ACTIVITY:
Return only how many lines in the data include the string "Лето".

SOURCE INFORMATION:
- Opening Delimiter -

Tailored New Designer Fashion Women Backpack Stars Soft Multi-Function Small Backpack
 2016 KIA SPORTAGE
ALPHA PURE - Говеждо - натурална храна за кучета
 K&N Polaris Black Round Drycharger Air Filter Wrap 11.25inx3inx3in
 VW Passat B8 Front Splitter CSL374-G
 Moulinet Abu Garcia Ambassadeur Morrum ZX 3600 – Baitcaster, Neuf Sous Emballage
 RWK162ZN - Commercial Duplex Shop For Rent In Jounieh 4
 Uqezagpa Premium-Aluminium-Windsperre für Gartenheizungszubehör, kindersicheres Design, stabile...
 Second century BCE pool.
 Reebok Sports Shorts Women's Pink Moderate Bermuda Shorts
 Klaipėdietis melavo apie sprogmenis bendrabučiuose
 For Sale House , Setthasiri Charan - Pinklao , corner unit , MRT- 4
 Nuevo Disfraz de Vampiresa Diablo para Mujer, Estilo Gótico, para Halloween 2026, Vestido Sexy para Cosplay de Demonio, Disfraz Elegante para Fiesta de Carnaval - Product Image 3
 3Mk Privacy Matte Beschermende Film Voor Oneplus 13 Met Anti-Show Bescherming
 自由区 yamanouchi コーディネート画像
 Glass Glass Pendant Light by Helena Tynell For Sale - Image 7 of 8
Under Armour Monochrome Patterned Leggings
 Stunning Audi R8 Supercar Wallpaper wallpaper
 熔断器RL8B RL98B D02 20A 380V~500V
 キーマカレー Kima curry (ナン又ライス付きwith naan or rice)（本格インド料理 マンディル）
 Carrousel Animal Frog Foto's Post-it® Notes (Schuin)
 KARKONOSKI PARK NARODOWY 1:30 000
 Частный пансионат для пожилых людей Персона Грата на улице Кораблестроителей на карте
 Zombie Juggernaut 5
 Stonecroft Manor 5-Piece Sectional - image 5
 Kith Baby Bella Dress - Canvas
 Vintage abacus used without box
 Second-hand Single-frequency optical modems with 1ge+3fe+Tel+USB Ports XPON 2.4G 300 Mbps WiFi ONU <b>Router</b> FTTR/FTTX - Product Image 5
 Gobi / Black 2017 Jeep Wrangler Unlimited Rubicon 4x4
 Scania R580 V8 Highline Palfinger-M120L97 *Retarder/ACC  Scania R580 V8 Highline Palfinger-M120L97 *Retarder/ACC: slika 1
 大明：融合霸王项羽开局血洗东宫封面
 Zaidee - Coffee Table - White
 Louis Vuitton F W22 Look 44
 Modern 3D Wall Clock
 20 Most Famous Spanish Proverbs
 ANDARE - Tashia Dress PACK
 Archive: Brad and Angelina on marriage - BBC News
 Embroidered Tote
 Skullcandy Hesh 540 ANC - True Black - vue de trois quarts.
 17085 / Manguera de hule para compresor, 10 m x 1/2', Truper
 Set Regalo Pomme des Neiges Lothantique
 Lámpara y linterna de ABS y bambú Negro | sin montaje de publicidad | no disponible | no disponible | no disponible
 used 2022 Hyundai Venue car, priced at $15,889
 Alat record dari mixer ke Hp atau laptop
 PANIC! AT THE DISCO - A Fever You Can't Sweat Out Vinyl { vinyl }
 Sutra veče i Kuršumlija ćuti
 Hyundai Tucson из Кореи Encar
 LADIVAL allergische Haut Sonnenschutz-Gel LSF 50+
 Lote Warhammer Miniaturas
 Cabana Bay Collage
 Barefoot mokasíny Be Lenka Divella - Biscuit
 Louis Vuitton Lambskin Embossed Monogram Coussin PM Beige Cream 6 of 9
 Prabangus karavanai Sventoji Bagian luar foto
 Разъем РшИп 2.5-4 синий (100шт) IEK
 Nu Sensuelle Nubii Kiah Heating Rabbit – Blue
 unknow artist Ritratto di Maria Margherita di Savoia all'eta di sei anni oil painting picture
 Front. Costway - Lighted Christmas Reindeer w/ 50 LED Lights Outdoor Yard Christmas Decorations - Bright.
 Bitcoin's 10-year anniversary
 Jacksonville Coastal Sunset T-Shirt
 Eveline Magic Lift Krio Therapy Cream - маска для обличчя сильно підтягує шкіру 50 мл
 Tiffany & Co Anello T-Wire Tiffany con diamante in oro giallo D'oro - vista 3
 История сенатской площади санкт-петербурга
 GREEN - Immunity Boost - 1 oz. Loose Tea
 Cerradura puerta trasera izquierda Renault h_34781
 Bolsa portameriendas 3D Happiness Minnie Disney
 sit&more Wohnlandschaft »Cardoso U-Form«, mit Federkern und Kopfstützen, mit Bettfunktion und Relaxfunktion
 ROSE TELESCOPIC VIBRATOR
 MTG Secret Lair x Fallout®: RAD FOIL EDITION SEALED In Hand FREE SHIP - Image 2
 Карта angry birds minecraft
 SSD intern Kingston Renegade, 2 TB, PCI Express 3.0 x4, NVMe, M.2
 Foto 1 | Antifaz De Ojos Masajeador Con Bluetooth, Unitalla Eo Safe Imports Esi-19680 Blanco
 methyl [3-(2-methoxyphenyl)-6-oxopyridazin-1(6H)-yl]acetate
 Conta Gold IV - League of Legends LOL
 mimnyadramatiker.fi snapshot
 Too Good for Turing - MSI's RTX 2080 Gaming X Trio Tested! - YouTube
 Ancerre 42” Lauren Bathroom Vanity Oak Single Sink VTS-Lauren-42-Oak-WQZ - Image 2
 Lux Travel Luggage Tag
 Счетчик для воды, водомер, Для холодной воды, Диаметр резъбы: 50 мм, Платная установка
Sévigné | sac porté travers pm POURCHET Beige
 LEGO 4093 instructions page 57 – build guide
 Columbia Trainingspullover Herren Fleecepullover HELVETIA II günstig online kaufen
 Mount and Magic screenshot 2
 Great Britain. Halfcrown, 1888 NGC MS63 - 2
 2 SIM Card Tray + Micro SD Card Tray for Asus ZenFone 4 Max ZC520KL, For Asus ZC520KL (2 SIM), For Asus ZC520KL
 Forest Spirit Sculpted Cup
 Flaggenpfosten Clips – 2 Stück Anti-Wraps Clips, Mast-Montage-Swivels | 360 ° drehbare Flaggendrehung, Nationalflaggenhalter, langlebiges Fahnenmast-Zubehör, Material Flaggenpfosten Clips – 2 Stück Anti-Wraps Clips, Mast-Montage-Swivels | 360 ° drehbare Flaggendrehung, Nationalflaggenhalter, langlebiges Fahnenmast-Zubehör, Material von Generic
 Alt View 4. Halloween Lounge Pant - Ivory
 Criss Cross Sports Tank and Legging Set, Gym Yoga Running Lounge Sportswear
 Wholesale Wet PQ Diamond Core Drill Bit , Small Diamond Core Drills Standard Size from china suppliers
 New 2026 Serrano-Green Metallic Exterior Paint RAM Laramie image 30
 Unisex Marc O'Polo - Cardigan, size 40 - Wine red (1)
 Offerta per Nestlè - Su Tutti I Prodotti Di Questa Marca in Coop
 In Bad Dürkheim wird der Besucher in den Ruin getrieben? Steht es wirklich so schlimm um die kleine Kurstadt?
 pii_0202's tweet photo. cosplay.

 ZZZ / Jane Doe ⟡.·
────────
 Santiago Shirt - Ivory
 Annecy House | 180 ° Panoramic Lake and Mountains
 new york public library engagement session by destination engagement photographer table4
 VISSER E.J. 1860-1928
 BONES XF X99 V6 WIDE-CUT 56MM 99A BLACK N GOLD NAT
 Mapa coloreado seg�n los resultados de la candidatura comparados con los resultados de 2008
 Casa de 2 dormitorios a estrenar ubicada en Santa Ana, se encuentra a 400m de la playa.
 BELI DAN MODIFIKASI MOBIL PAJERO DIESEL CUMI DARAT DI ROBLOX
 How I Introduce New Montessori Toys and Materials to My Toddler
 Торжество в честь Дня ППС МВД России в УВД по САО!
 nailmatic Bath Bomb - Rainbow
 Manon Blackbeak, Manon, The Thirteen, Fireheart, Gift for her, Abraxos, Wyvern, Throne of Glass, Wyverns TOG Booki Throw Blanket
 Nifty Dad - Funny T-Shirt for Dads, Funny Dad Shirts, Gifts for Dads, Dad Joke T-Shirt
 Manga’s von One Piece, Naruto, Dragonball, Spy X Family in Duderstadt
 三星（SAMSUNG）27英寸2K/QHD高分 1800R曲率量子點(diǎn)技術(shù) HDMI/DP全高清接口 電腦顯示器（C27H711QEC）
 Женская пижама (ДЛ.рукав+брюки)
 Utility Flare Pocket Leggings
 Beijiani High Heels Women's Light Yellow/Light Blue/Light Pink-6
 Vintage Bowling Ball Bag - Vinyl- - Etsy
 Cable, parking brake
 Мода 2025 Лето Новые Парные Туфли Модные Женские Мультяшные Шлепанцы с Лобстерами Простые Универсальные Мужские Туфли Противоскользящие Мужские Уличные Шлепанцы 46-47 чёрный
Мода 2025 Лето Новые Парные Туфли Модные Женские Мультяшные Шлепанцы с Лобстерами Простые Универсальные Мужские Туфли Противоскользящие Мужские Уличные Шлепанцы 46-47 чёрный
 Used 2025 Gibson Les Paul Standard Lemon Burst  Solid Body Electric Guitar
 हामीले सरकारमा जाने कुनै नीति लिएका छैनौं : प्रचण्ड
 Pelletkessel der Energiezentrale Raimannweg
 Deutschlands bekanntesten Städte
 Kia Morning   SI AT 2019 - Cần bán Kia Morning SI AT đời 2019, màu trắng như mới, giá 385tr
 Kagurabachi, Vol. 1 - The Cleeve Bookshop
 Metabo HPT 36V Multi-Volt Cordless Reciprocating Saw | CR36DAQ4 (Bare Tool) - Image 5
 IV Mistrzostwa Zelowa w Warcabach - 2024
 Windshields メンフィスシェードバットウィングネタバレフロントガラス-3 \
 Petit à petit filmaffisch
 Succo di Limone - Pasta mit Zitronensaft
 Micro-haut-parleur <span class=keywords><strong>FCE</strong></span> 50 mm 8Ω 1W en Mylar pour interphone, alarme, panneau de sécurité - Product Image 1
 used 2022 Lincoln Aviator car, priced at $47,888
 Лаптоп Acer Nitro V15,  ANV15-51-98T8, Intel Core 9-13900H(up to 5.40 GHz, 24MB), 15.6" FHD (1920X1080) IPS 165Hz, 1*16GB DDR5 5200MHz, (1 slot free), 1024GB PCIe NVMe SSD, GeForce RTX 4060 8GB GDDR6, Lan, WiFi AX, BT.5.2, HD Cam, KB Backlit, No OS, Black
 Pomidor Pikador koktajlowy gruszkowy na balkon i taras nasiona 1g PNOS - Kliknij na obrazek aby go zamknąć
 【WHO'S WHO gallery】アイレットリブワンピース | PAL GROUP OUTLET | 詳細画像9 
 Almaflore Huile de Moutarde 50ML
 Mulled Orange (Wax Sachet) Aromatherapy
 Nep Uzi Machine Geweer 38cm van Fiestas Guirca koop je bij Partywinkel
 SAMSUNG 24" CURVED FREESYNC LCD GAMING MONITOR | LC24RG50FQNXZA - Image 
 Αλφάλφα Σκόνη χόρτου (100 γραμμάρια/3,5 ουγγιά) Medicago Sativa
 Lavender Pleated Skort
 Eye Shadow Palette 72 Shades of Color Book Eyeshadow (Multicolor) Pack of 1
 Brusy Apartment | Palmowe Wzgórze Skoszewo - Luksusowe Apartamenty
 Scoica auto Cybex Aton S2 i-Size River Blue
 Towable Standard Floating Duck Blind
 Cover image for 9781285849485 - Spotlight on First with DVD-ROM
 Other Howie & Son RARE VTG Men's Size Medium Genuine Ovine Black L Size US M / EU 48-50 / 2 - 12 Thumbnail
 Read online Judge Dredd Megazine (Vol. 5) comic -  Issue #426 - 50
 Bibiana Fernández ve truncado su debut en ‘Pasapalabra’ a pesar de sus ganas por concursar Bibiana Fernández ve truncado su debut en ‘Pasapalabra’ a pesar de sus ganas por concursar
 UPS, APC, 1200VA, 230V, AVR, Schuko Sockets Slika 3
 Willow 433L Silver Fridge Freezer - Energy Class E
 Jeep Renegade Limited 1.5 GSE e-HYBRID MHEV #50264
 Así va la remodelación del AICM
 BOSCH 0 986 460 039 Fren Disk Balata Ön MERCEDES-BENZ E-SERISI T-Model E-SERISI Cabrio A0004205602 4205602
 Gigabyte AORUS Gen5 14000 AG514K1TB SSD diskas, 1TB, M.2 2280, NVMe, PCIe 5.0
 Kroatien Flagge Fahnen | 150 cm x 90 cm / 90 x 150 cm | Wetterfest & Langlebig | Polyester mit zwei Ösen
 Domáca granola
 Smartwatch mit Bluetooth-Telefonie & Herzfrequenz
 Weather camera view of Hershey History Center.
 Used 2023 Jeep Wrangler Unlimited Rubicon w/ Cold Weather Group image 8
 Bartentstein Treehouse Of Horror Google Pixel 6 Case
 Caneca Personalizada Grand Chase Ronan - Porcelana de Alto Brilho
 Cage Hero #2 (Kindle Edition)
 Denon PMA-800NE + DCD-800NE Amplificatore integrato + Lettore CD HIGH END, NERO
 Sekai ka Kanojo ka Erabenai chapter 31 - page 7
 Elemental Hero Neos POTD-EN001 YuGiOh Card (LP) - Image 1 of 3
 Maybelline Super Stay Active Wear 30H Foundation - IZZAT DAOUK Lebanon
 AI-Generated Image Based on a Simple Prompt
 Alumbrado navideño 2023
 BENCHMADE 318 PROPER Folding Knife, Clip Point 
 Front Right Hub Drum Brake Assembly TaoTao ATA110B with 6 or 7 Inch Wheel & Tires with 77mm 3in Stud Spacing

- Closing Delimiter -

WRITTEN RESPONSE:
2